Schmerzhaft schrille Geräusche von jenem furchtbaren Kriegsereignis bohren sich in seinen Kopf, unter diesen Geräuschen liegen die lauten Anweisungen und Befragungen des Chirurgen. Es geht ums Erinnern. Lew hat seine eigene Realität verloren und muss sich eine neue aus scheinbar nicht zusammengehörigen Erinnerungsfetzen zusammensetzen. Über ihm hängen in wechselnder Höhe drei schmale mit Staub und Dreck beschichtete Spiegelplatten. Auf denen kratzt er mit kreisenden Bewegungen Züge des Antlitzes seiner Mutter hervor. Die so entstandenen Bruchstücke muss er zu einem Bild zusammensetzen – so wie sein nicht mehr erinnertes Leben.

Er selbst redet nicht, er nähert sich zeichnerisch der Vergangenheit an. Zeichnungen entstehen von Bäumen und Tieren sowie von den Schienen, die ihn damals zum verhängnisvollen Kriegseinsatz geführt haben. Die Aufführung lebt von der körpersprachlichen Beredsamkeit von Glan Blackhall als Lew und von der bedrängenden Toncollage, die der Dramaturg Ricardo Faci komponiert hat.

Die Aufführung ist einer der Höhepunkte des diesjährigen Gesamtprogramms, das ansonsten deutlich hinter der künstlerischen Qualität voriger Jahrgänge zurückbleibt. Es dominieren personenarme Performances und Tanzstudien. Repräsentative Inszenierungen von internationalem Rang fehlen – als welche sich im vorigen Jahr Pippo Delbonos szenische Realisierung der Tagebuchaufzeichnungen eines vom Tod gezeichneten Aidskranken erwiesen hatte.
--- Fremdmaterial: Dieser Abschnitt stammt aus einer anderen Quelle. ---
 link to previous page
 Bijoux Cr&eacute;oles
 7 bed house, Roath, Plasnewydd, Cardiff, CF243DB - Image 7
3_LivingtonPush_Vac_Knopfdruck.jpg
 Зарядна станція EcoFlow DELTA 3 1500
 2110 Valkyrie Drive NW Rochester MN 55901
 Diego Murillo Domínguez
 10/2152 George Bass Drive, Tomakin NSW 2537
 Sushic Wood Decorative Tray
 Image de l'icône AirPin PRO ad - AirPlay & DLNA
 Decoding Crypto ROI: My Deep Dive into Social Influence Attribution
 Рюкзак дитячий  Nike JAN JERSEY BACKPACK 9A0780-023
Sicher ist die Reduzierung des Aufwandes auch dem rigiden Sparzwang geschuldet, denen sich die italienischen Ensembles ausgesetzt sehen.
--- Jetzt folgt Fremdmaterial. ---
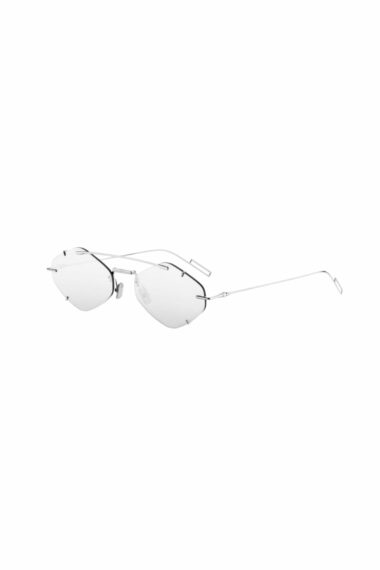 عینک آفتابی مردانه دیور Dior با کد CDU DIORINCLUSION 010 0T 55 G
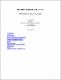 revised pharmaceutical aids and necessities.pdf.jpg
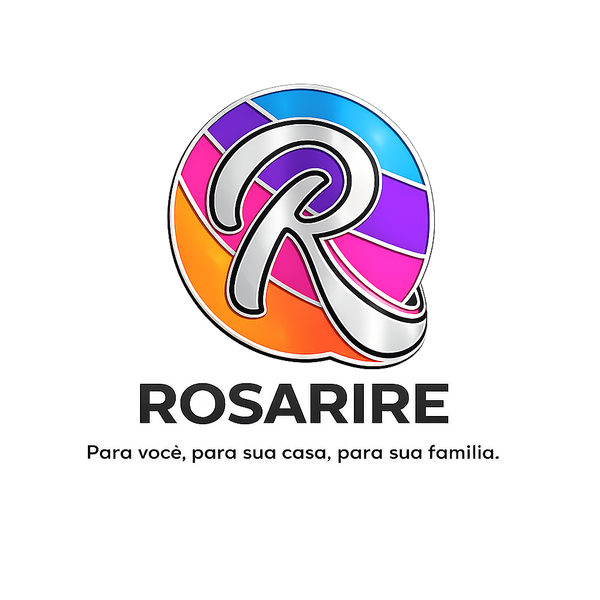 ROSARIRE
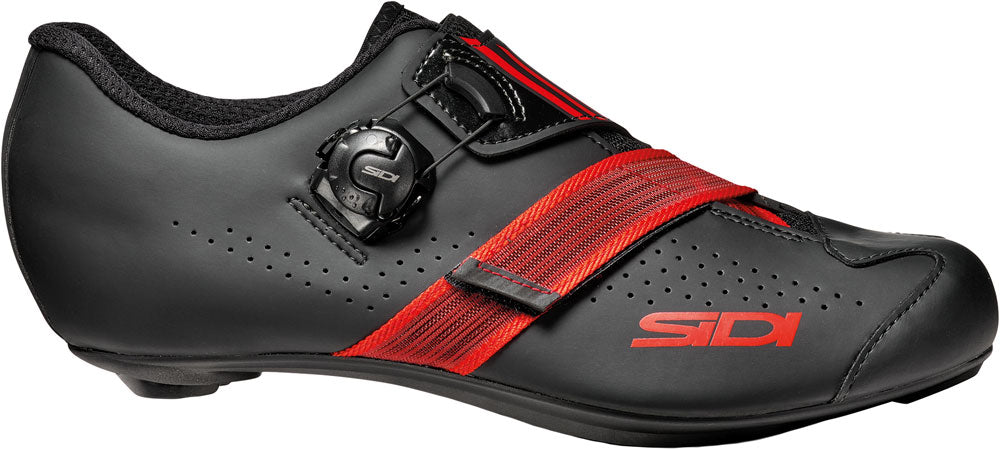 Sidi prima - road bike shoes | 46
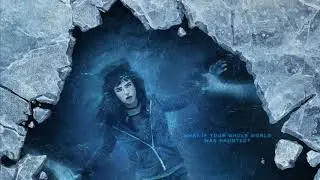 เพลงประกอบหนัง [ i still see you ]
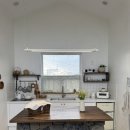 소소오늘 제주 커플 감성숙소 이미지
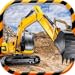Construction Machine & Trailers 2016 - Real Highway Construction Machine Driver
"Experiment" war das Stichwort für die Auswahl der Beiträge. Dem wurde am überzeugendsten die Performance "a elle vide" der Gruppe der bekannten italienischen Theaterfrau Teodora Castelucci gerecht. "Theatrale Recherche über Seinszustände" stand unter dem Titel und tatsächlich gestaltete sich die Performance als eine Forschungsreise zur Erkundung theatralischer Gestaltungsformen.

Die Frage wurde behandelt, wie in Spiel und Farbe Gegensätze darstellbar sind. Auf der Bühne erleben wir – zunächst einzeln und dann vereint – zwei gegensätzliche Seinsformen: den aggressiven roten Hahn, der sich mit fiebriger Kampfentschlossenheit auf fiktive Gegner stürzt und den mattweiß gekleideten Skorpion, der mit entschleunigten behutsamen Bewegungen zum ruhenden Gegenpol wird.
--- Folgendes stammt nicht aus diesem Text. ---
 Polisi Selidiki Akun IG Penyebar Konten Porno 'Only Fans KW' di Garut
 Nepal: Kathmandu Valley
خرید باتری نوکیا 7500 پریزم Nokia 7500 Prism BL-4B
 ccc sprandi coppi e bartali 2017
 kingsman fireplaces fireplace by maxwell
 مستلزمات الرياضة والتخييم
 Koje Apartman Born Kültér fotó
Als Widerspiegelung sozialer und gesellschaftlicher Verhältnisse in Italien war die Inszenierung "La Busta" der Gruppe Scimone/Sframeli aus Sizilien angekündigt worden. Die erwies sich als eine kafkaeske Parabel auf pervertierte Machtbeziehungen, auf irrwitzig unbegründete Machtwechsel und auf die zunehmende Entmenschlichung des Alltags. Es ist die Geschichte eines unbescholtenen Bürgers, er zu einem nicht sichtbaren Präsidenten einbestellt wird, dort Folterungen Unschuldiger erlebt und am Ende gefesselt und nieder geworfen wird. Das klingt zunächst interessant, da die Regisseure und der Autor Spiro Scimone aber immer wieder Textpassagen und szenische Grundeinfälle von Vorbildern wie Kafka, Pinter oder Beckett ausleiht, erweist sich die Innovationskraft der Aufführung als begrenzt.